## Work instructions
Could the records below please be retyped exactly, with their pictures left out?

## Working data
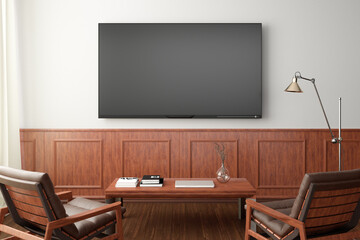 TV screen mockup on the white wall with classic wooden decoration  in living room. Front view, clipping path around screen.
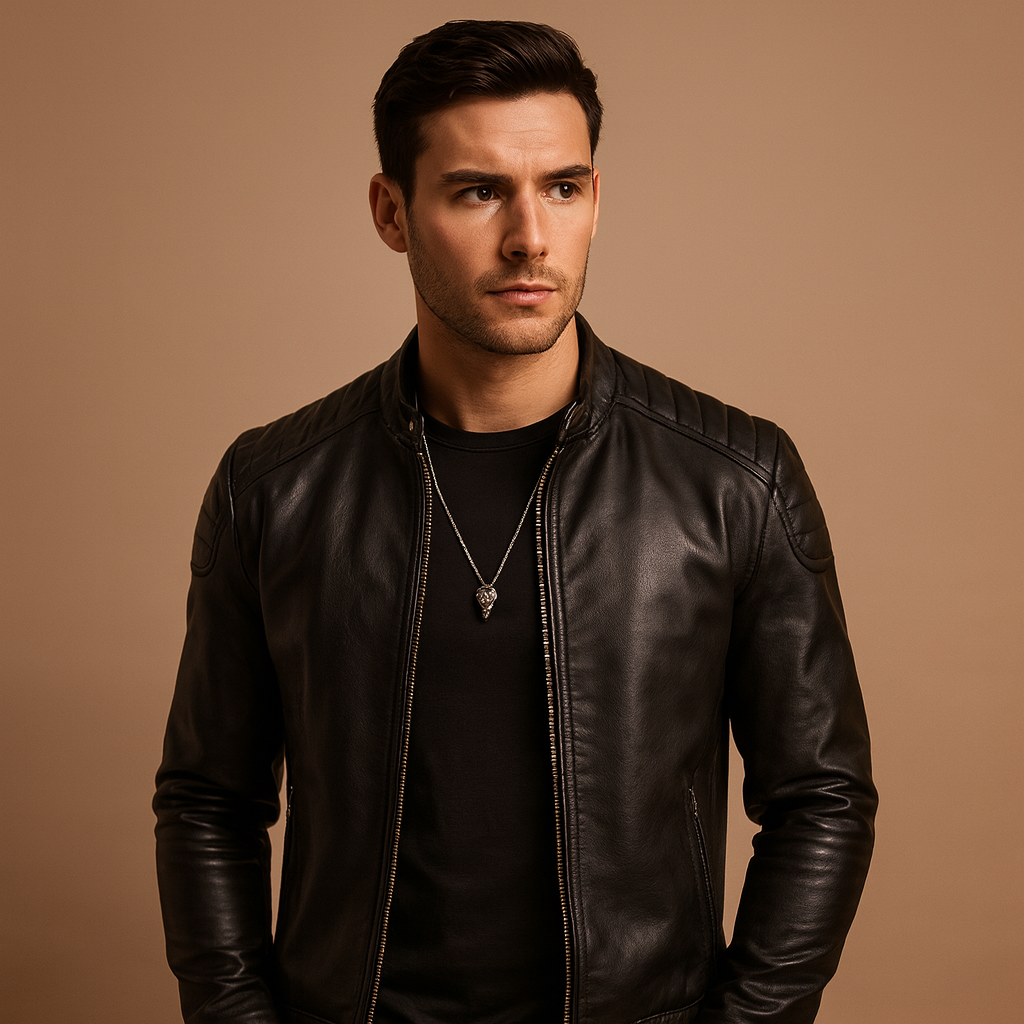 Men’s luxury biker jacket with soft breathable fabric and timeless design, perfect for both business outfits and casual wear.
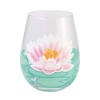 Enesco Designs by Lolita Lotus Hand-Painted Artisan Stemless Wine Glass,
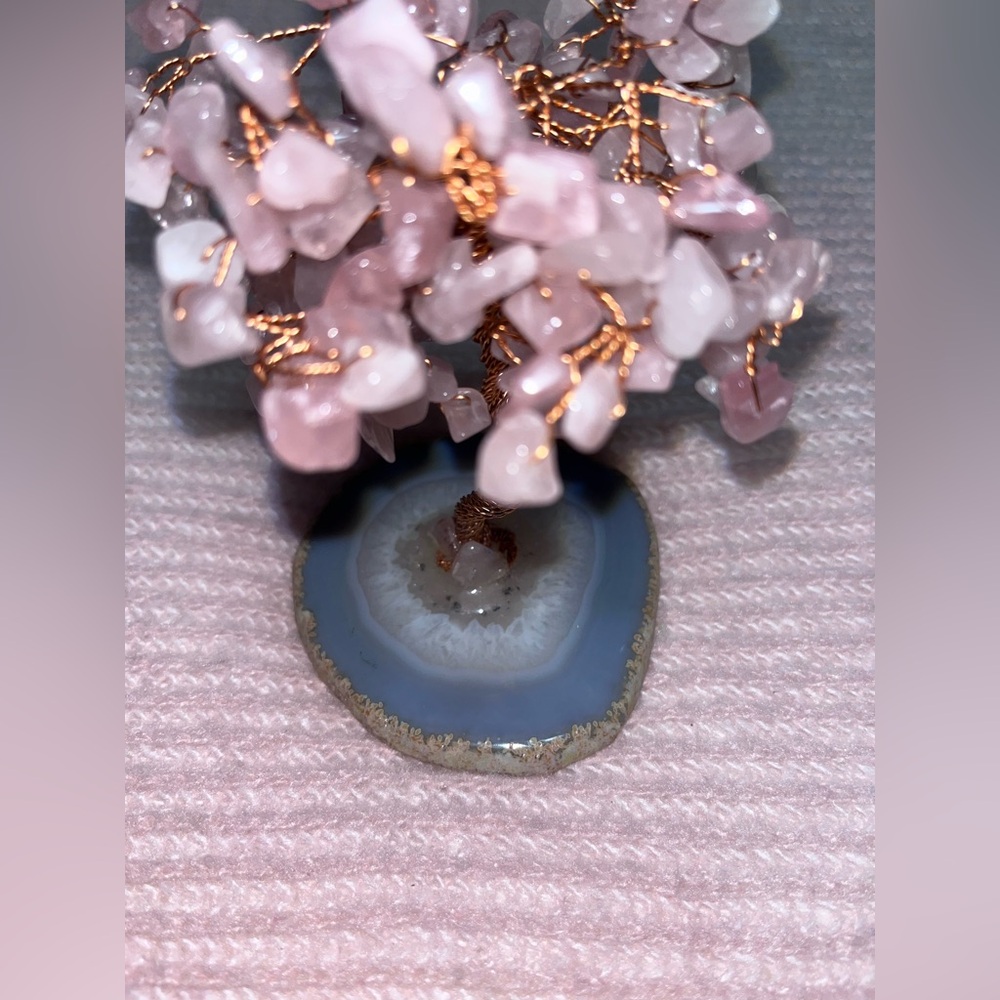 Rose Quartz Crystal Tree on a Agate Slide - Picture 4 of 5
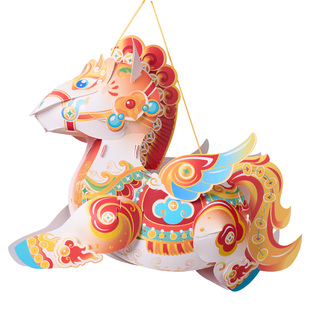 马年春节灯笼国潮战马灯发光灯笼儿童花灯装饰DIY手工制作材料包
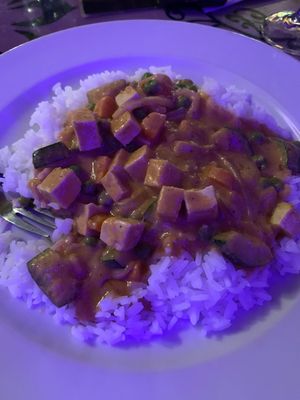 Vegan „Out of Africa“ Meal. Every vegan meal is marked in the menu.  at Radost FX Cafe in Prague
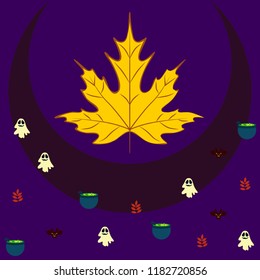Halloween autumn fallen leaves cauldron witch bat spirit vector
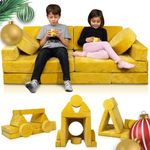 Lunix LX15 14pcs Modular Kids Play Couch, Child Sectional Sofa, Fortplay Bedroom and Playroom Furniture for Toddlers, Convertible Foam and Floor Cushion for Boys and Girls, Yellow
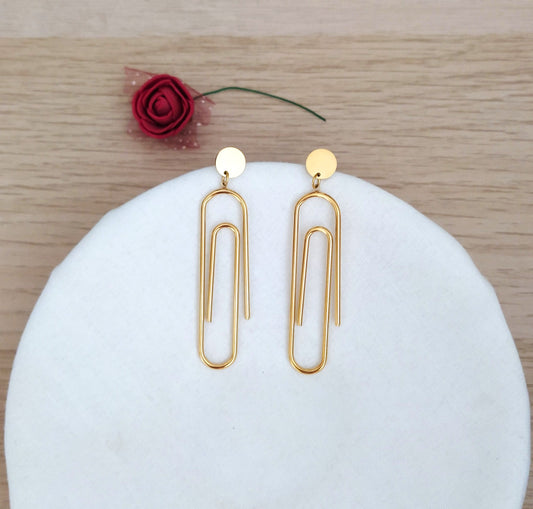 Pendientes Largos Clip acero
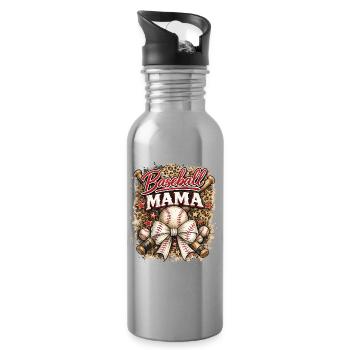 Baseball Mam Bow Leopard Sports de la fête des mères - Gourde avec paille intégrée - argent clair - Droite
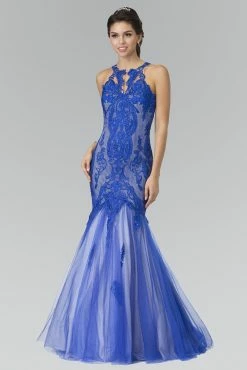 Long Lace Halter Mermaid Dress By Elizabeth K GL2219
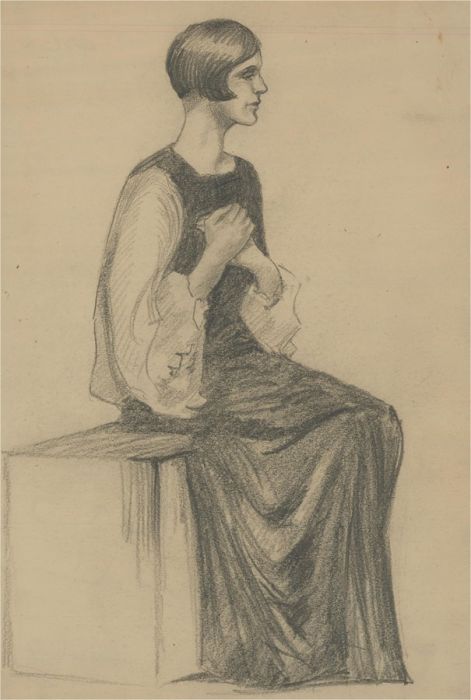 Early 20th Century Graphite Drawing - Elegant Lady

## Exercise solution
 TV screen mockup on the white wall with classic wooden decoration  in living room. Front view, clipping path around screen.
 Men’s luxury biker jacket with soft breathable fabric and timeless design, perfect for both business outfits and casual wear.
 Enesco Designs by Lolita Lotus Hand-Painted Artisan Stemless Wine Glass,
 Rose Quartz Crystal Tree on a Agate Slide - Picture 4 of 5
 马年春节灯笼国潮战马灯发光灯笼儿童花灯装饰DIY手工制作材料包
 Vegan „Out of Africa“ Meal. Every vegan meal is marked in the menu.  at Radost FX Cafe in Prague
Halloween autumn fallen leaves cauldron witch bat spirit vector
 Lunix LX15 14pcs Modular Kids Play Couch, Child Sectional Sofa, Fortplay Bedroom and Playroom Furniture for Toddlers, Convertible Foam and Floor Cushion for Boys and Girls, Yellow
 Pendientes Largos Clip acero
 Baseball Mam Bow Leopard Sports de la fête des mères - Gourde avec paille intégrée - argent clair - Droite
 Long Lace Halter Mermaid Dress By Elizabeth K GL2219
 Early 20th Century Graphite Drawing - Elegant Lady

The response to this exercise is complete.